Scrivere quel capitolo ti è servito anche a razionalizzare quel dolore?
Sono cose che non si superano, diventano parte di te. Capisci che le devi accettare, perché sono avvenimenti che non puoi controllare, sono al di là del tuo potere, e capisci che devi semplicemente portare il ricordo, devi onorare ogni giorno attraverso le scelte che fai, e che tu sei quello che sono i tuoi genitori. Porti avanti la legacy e vai avanti fiero.
Per concludere: davvero nella tua vita non ci sono momenti trasgressivi che avrebbero dato pepe al racconto?

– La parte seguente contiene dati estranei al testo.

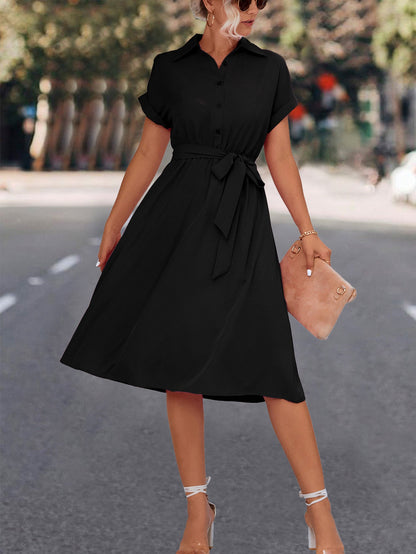 Robe Femme Longueur Genou avec Ceinture et Col V Élégante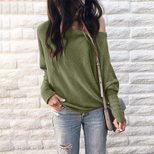 Off Shoulder Lantern Sleeve T Shirt for Women Casual Batwing Design Lightweight Fabric Autumn Collection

Di cose assurde nella mia vita ce ne sono state talmente tante... ma tante le voglio anche tenere segrete perché secondo me non è neanche giusto raccontarle tutte o mancare di rispetto a persone che potrebbero venire citate ma non cito e alcuni ricordi insomma vanno protetti e alcuni insomma che è possibile condividere vanno detti ma la "normalità" forse oggi è la cosa più speciale che ci sia, in un mondo in cui tutti sgomitano per fare i particolari io faccio già una vita particolare non ho bisogno di essere esagerata anche nella vita di tutti i giorni.